As atuações infantis, quando muito boas, tendem a conduzir os espectadores a um lugar de encantamento, no qual as eventuais fragilidades do filme tendem a importar menos do que a grandeza da performance.
E é esse o caso de Meu Verão com Gloria, que abriu a Semana da Crítica do Festival de Cannes, em 2023, passou pelo Festival do Rio nesse mesmo ano, e só agora é lançado nos cinemas brasileiros.
Segundo longa-metragem da diretora e roteirista francesa Marie Amachoukeli, o filme, em cartaz desde a quinta-feira 20, traz à frente do elenco a menina Louise Mauroy-Panzani, que dá vida a Cleo.
A criança, no início da trama, é vista numa rotina leve e agradável em Paris, cuidada pela babá, Gloria – vivida pela também ótima Ilça Moreno Zego.
A ausência materna e a presença fugaz do pai da menina tornam-se logo evidentes. Cleo não parece, porém, ressentir-se mais profundamente desses vazios.

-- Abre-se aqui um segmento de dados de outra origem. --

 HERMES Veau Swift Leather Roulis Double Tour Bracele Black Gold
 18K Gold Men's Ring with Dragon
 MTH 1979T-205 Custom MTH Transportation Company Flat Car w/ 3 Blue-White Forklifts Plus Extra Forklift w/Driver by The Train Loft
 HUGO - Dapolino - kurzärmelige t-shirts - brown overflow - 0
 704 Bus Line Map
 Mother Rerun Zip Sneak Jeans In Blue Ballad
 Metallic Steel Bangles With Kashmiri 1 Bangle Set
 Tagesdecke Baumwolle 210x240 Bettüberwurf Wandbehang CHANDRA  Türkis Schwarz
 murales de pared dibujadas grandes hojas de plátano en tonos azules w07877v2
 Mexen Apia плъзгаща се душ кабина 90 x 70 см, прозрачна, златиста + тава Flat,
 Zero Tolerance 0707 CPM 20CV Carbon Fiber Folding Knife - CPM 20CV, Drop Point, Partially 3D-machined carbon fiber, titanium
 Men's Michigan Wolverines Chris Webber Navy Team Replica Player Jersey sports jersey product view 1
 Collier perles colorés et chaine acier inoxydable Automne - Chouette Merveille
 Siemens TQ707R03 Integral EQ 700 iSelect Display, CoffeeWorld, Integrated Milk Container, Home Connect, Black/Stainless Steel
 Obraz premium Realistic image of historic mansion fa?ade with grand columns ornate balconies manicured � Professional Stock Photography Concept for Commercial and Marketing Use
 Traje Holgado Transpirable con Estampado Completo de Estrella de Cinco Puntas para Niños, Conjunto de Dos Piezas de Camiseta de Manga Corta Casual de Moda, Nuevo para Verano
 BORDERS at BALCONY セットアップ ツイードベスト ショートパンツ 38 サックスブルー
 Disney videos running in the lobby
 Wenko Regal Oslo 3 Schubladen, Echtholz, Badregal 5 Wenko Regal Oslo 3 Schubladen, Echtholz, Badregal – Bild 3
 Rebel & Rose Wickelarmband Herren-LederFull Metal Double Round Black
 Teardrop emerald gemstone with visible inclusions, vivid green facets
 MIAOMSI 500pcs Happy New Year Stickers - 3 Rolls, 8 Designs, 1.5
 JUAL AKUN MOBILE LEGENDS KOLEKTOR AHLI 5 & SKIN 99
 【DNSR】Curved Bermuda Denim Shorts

É apenas quando Gloria, ao saber da morte da mãe e da gravidez da própria filha, pede demissão do emprego para voltar para Cabo Verde que o sentimento de orfandade da menina vem à tona.
O pai, sensibilizado pelo que vê, promete à criança deixá-la passar as férias em Cabo Verde.
E é partir daí que a trama passa a abarcar outros temas, como a imigração da população negra, os lugares de afeto de uma mulher que é remunerada para cuidar da criança de outra família; e a vida em Cabo Verde.
Marie Amachoukeli conta essa história de forma simples, ao longo de breves 84 minutos, e com um tom que se aproxima da fábula – sublinhado pela presença de animações de desenhos coloridos, feitos à mão, que buscam nos aproximar do mundo como uma criança o vê.
Essa abordagem acaba por justificar o olhar um tanto simplista do filme sobre as relações entre patrões e empregados e até mesmo a tornar mais verossímil a viagem da menina, sozinha, para outro continente.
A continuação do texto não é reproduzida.